_Collected material_
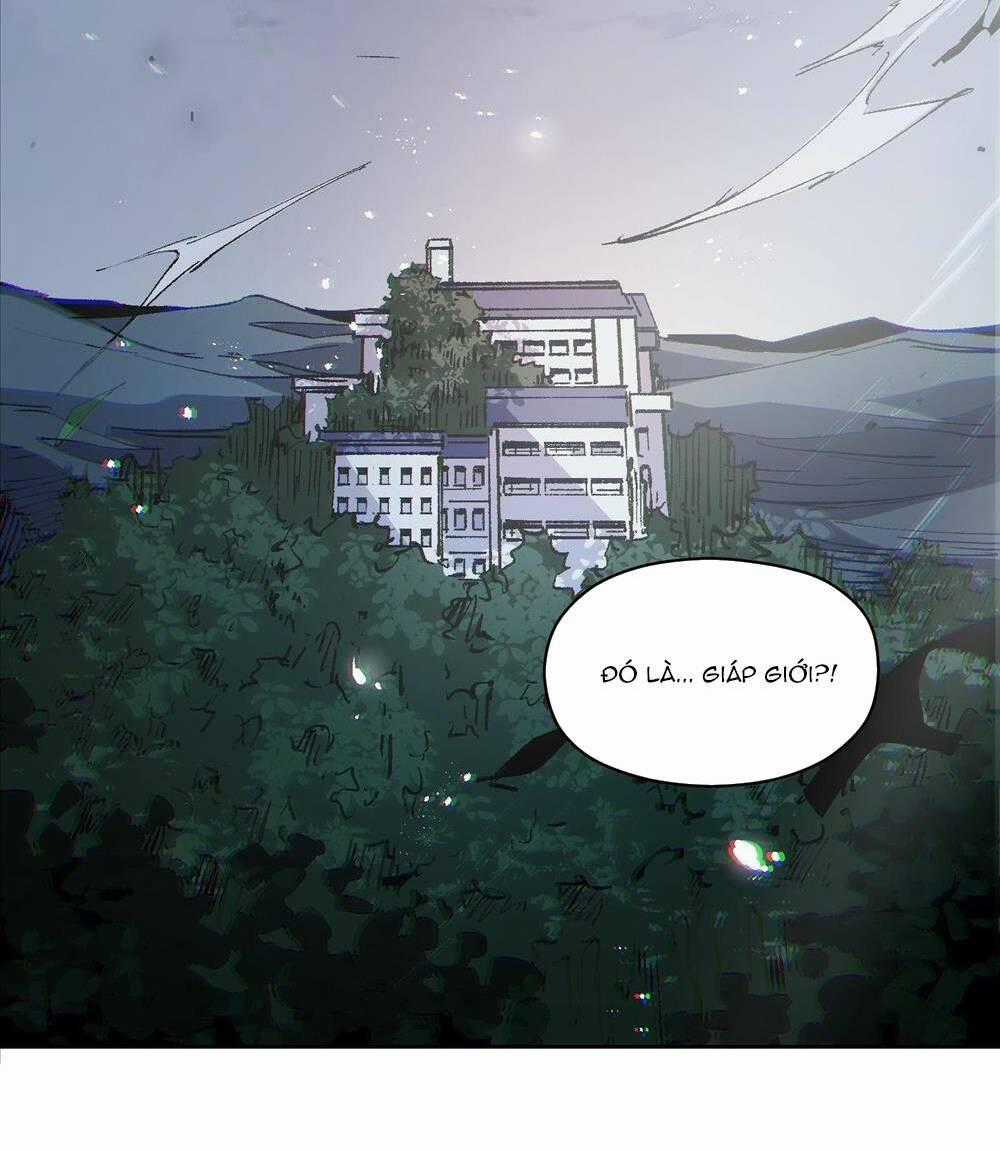 Tôi Bị Bọn Họ Tìm Đến Tận Cửa Sau Khi Tỏ Tình Hàng Loạt Chapter 11 trang 113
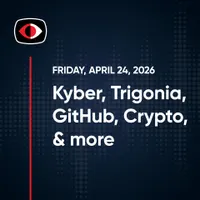 Security Weekly Podcast Network (Audio) artwork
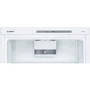 Холодильник Bosch KGV39VW396: Размеры 201x60x65 см (ВxШxГ)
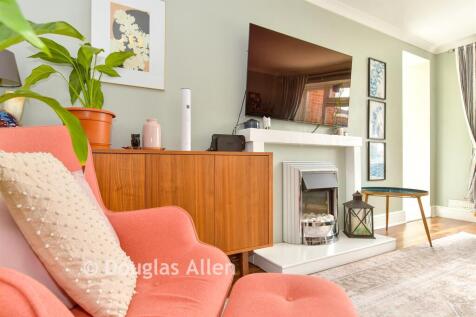 Internal Lifestyle Photograph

_Activity_
Omitting all pictures, set the listing down exactly.

_Solution_
 Tôi Bị Bọn Họ Tìm Đến Tận Cửa Sau Khi Tỏ Tình Hàng Loạt Chapter 11 trang 113
 Security Weekly Podcast Network (Audio) artwork
 Холодильник Bosch KGV39VW396: Размеры 201x60x65 см (ВxШxГ)
 Internal Lifestyle Photograph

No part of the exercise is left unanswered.